Start of Block

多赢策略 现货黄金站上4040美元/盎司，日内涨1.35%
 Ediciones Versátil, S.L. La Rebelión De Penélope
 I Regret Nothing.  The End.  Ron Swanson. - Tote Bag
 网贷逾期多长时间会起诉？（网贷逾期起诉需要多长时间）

End of Block
Start of Block

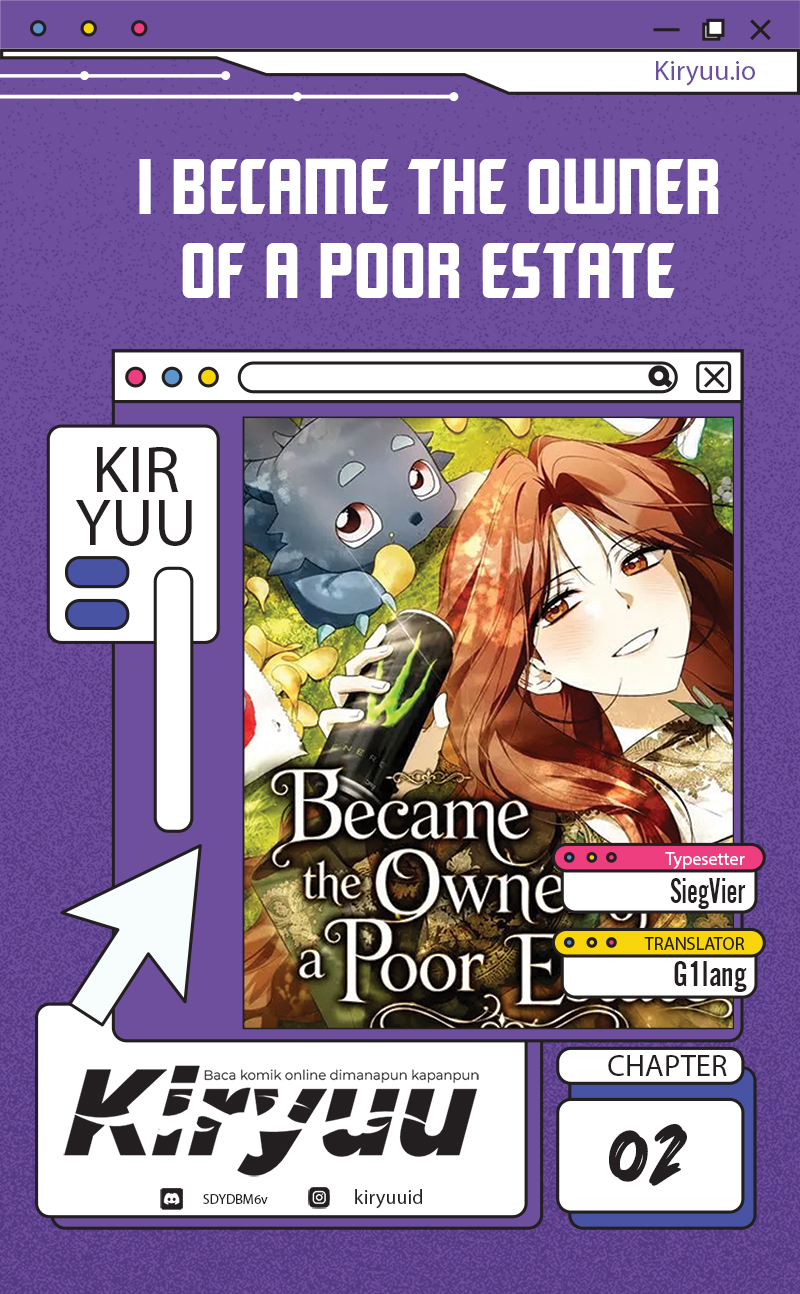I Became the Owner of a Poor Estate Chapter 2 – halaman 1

End of Block

_EXERCISE INSTRUCTIONS_:
Look above for the line holding "多赢策略 现货黄金站上4040美元/盎司，日内涨1.35%", then set down exactly that line and every line after it up to and including the line holding "网贷逾期多长时间会起诉？（网贷逾期起诉需要多长时间）", with nothing else.

_RESULT BELOW_:
多赢策略 现货黄金站上4040美元/盎司，日内涨1.35%
 Ediciones Versátil, S.L. La Rebelión De Penélope
 I Regret Nothing.  The End.  Ron Swanson. - Tote Bag
 网贷逾期多长时间会起诉？（网贷逾期起诉需要多长时间）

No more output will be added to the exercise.